Shor speculates that this is partly due to generational differences: “If you look at zoomers, especially male zoomers, there are some really interesting ways that they’re very different in the data. They’re much more likely than previous generations to say that making money is extremely important to them. If you look at their psychographic data, they have a lot higher levels of psychometric neuroticism and anxiety than the people before them.”
The Values Gap
Finally, Shor provides some definitive evidence that Democratic messaging about preserving democratic institutions fell flat with voters who were more concerned about practical improvements to their lives.
By an astonishing 78% to 18% margin, voters said “delivering change that improves Americans’ lives” was more important than “preserving America’s institutions.” This proves that Democrats’ focus on Trump’s anti-democratic tendencies was misaligned with voters’ priorities.
This finding is perhaps the most important in terms of showing Democrats how they should approach the Trump administration. Rather than focusing primarily on how Trump has broken democratic norms and institutions, Democrats would be served by highlighting how these breaks negatively affect the benefits and services Americans rely on.
What this means for 2028
Despite the Democratic loss, Shor sees significant vulnerabilities in the Republican approach. “Trump and Elon have really spent the first part of their term diving into the biggest weaknesses of the Republican Party. Namely, they’re trying to pass tax cuts for billionaires, they’re cutting essential services and causing chaos for regular people left and right, while trying to slash social safety net programs.” This means that Democrats have an opportunity to highlight the gap between Trump’s populist rhetoric and the reality of his policies, which often favor the wealthy and corporations at the expense of working people. This would require the Democrats to refocus on the economy and issues that impact the majority of voters day to day rather than focusing on social issues.
The 2024 election should serve as a wake-up call for Democrats. The party can no longer rely on demographic inevitability or assume that non-white voters will simply remain loyal regardless of economic conditions or ideological differences.
The path forward isn’t to double down on abstract warnings about threats to democracy (as important as those are), but to make a practical case for how Democratic policies will improve voters’ lives in tangible ways. The message should be about kitchen-table economics, not just institutional preservation.

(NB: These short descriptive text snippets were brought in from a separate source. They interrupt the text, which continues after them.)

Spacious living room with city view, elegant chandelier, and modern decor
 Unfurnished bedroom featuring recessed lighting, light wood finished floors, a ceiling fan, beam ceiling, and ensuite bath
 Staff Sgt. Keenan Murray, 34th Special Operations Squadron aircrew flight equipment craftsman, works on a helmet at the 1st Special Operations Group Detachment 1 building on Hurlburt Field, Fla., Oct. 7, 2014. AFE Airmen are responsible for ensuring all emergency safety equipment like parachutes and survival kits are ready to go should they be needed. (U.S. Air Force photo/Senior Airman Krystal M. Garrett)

Democrats also need to reckon with the new media landscape that is sorting young voters into gender-based information silos and find ways to reach less politically engaged voters who aren’t consuming traditional news.
The 2024 election marks the end of certain Democratic assumptions about demographics and voting patterns. The sooner the party adapts to this new reality, the sooner it can begin rebuilding toward future electoral success.